REJECTION IN LAMELLAR GRAFTS
The new lamellar transplant techniques have postulated a lower risk of rejection due to limited exposure of the donor cells to the response of the immune system.
Deep anterior lamellar keratoplasty (DALK): Its most obvious advantage over penetrating keratoplasty (PK) is that in the first case the corneal endothelium is not subject to immune rejection. A lower incidence of rejection episodes was determined in the DALK group, with similar frequencies of epithelial rejection (5.2% and 4.2%, respectively for PK and DALK) and stromal (4.8% and 6.3% respectively)58. The clinical characteristics of epithelial and stromal rejection after DALK were similar to those observed in rejection after PK. It has been observed that epithelial rejection precedes the stromal in most cases, and this appears as an area of acute edema and veiling (haze), followed by vascularization – particularly at the interface – in some cases59 (Figure 7). Close monitoring and appropriate prophylaxis are also necessary after DALK, especially in high-risk patients.

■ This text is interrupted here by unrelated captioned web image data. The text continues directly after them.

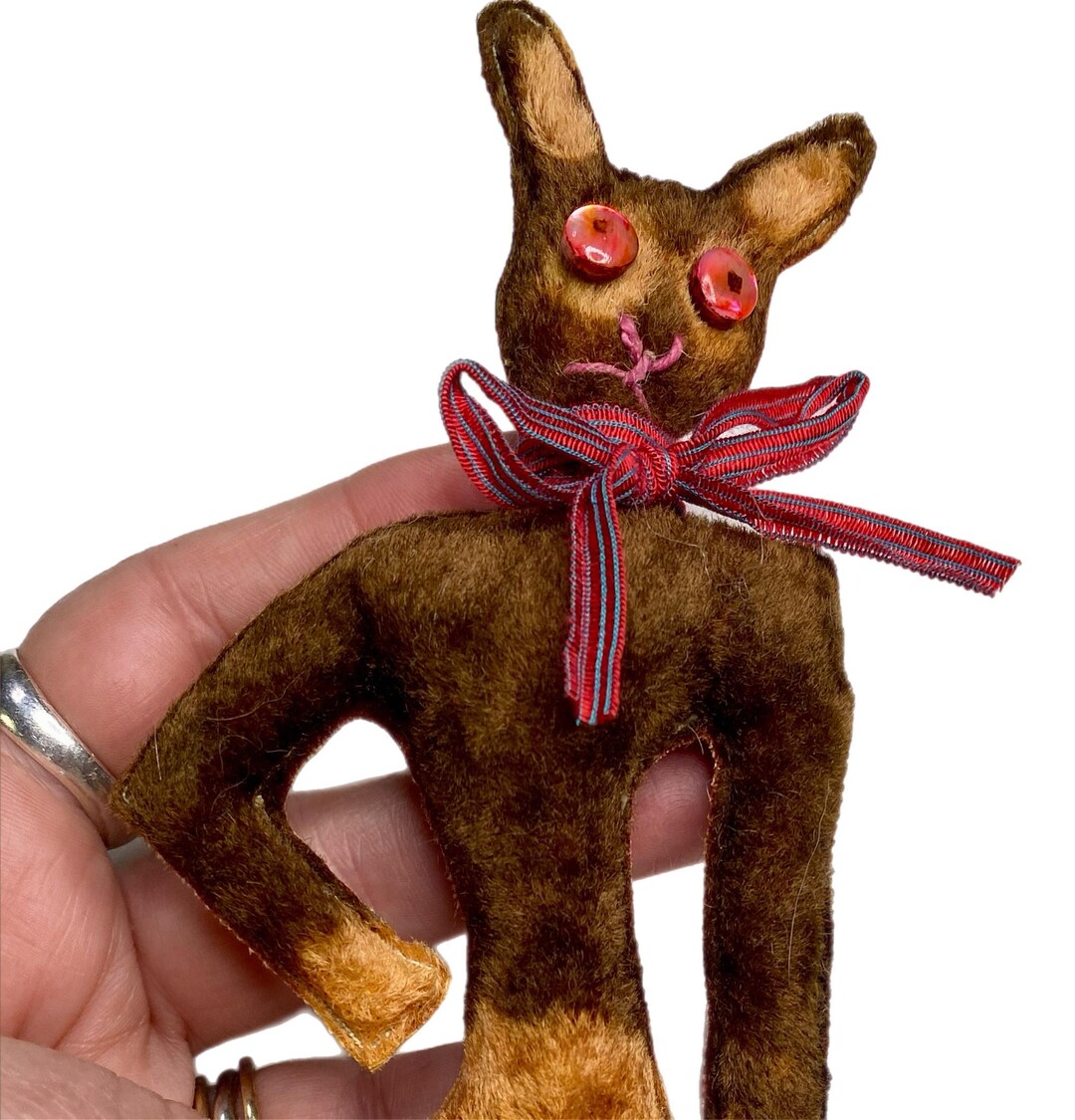 Weird Rabbit Velvet Plush Art Doll, Hand-stitched Oddity Collectible ...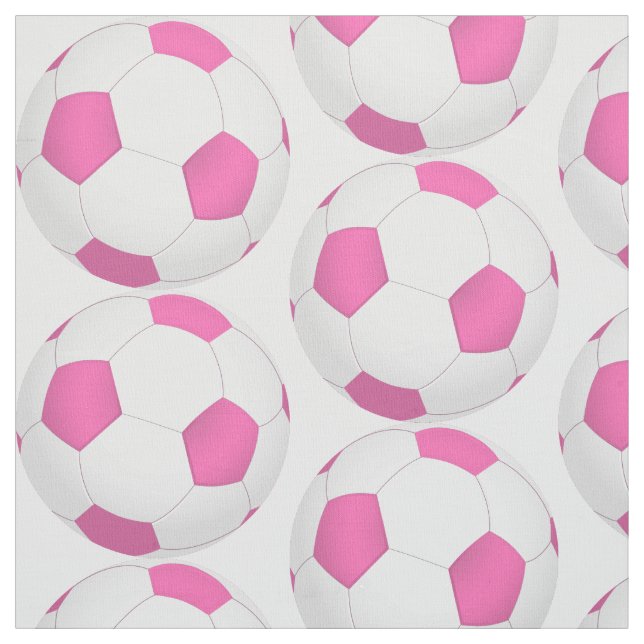 Pink white soccer ball pattern fabric (Swatch)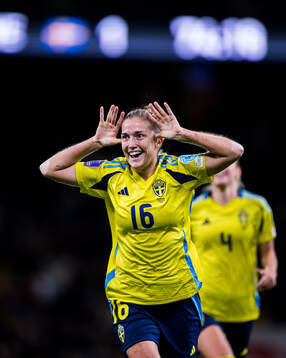 Filippa Angeldahl of Sweden celebrates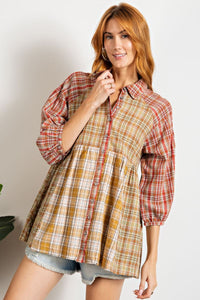 Easel Mixed Plaid Print Tunic Top in Sage Mustard Shirts & Tops Easel   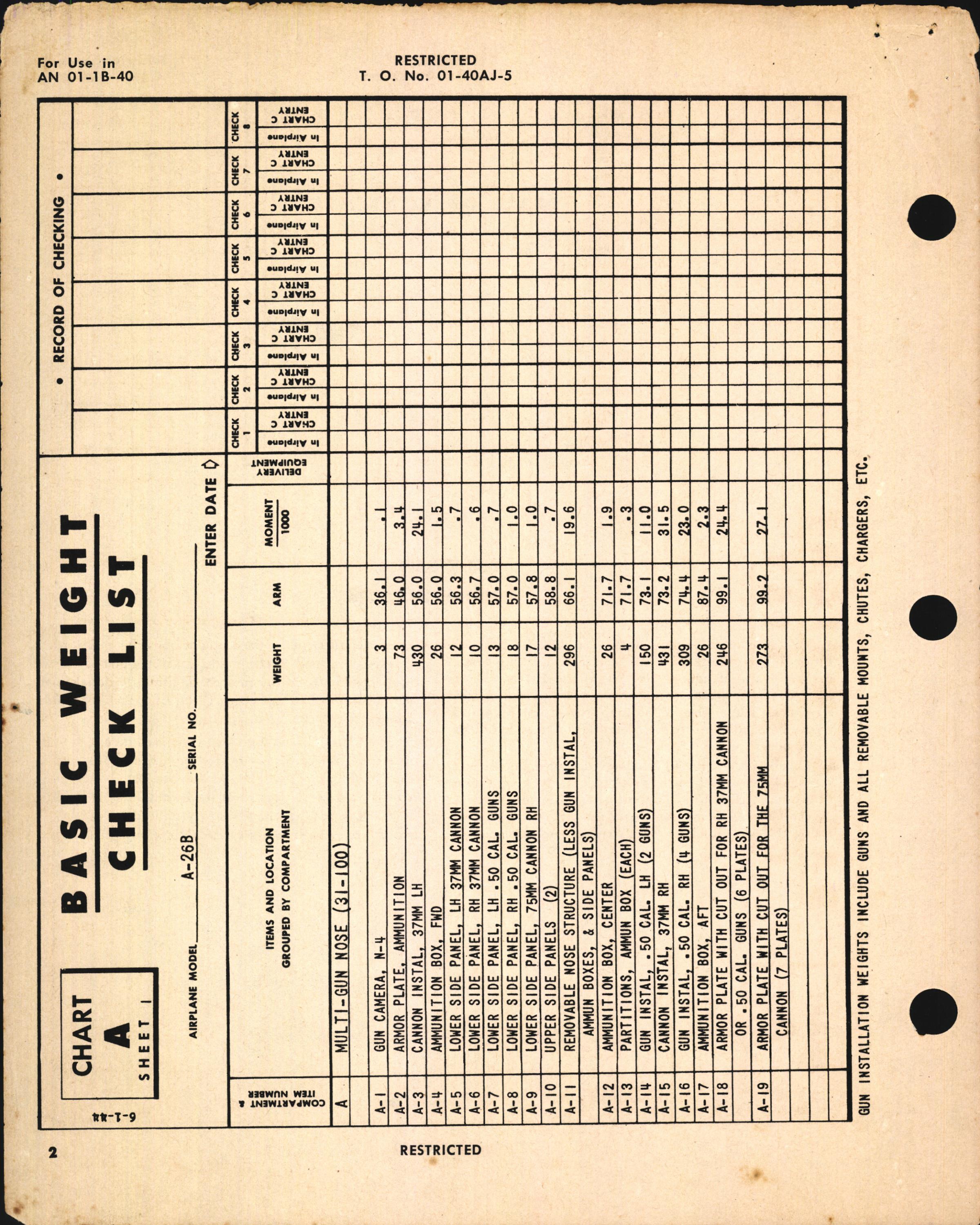 Sample page 4 from AirCorps Library document: Basic Weight Check List & Loading Data for Army Model A-26B Airplane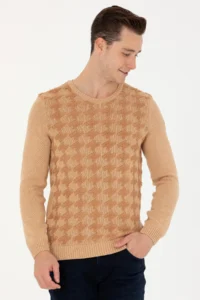 US Polo Shirt Assn. Men Sand Melange Sweater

Figure 7: Rejection in DALK.
Endothelial lamellar keratoplasty (ELK/DSAEK): In a large series of 598 eyes undergoing ELK, episodes of rejection were observed in 12% in 2 years. Almost 35% were asymptomatic and were diagnosed during a routine examination. The initial signs included KPs and edema, and in no case was a rejection line observed60. Most cases are controlled with topical or oral medication, but some may progress to graft failure61.
Descemet-endothelial keratoplasty (DEK/DMEK): DEK is associated with a significant reduction in the risk of graft rejection compared to ELK and PK62,63, with a rejection rate of 0.1% -0.7%.